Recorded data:
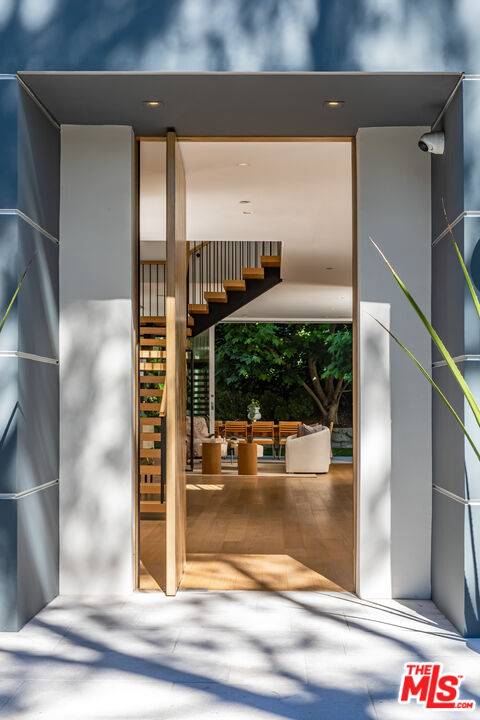 Beverly Hills, CA 90210,9011 Alto Cedro Dr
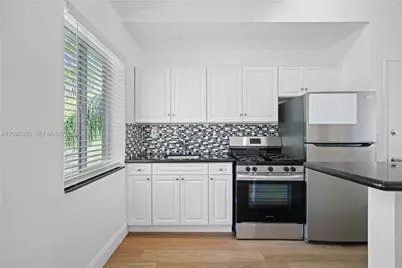 272 NE 53rd St #4, Miami, FL 33137 - Photo 10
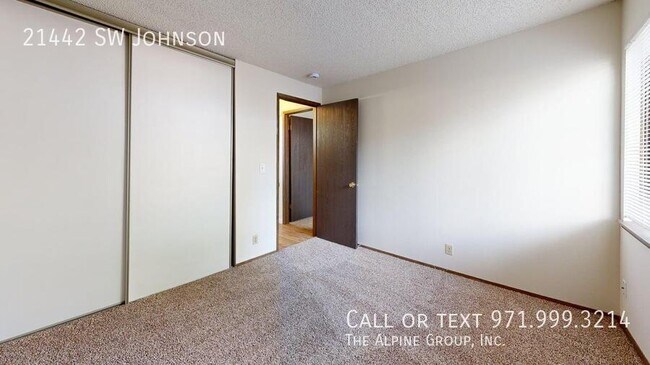 Building Photo - 21442 SW Johnson-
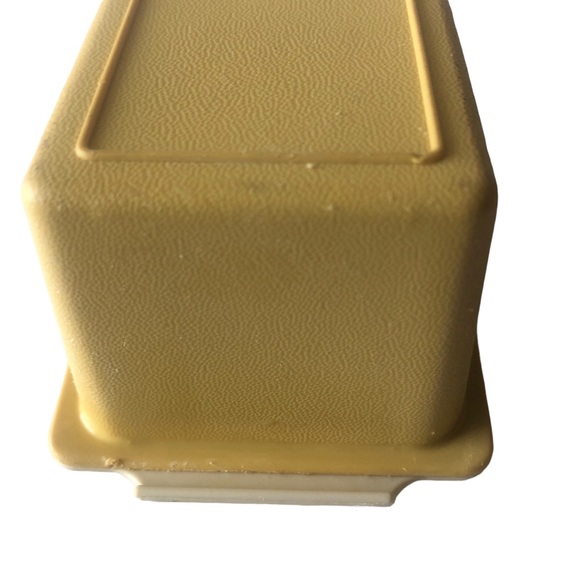 Vintage Tupperware Butter Dish Keeper Harvest Gold Top Almond Tray 636-11 - Picture 5 of 6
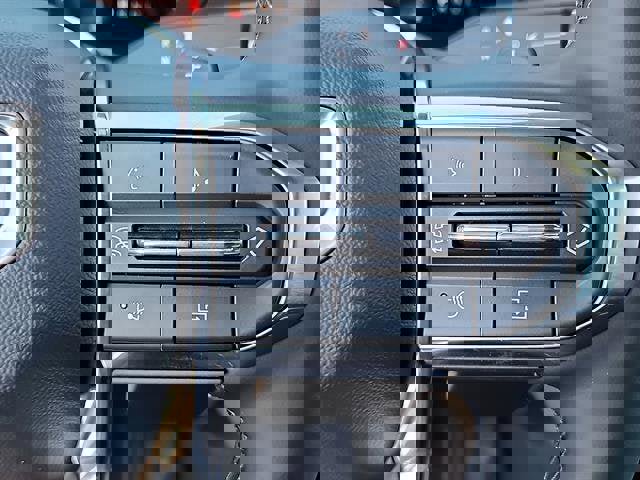 New 2026 GMC Acadia Elevation image 19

WHAT TO PRODUCE → Pick up at the line containing "272 NE 53rd" and copy each line exactly until the data ends, including that last line; copy no pictures.

EXERCISE SOLUTION →
 272 NE 53rd St #4, Miami, FL 33137 - Photo 10
 Building Photo - 21442 SW Johnson-
 Vintage Tupperware Butter Dish Keeper Harvest Gold Top Almond Tray 636-11 - Picture 5 of 6
 New 2026 GMC Acadia Elevation image 19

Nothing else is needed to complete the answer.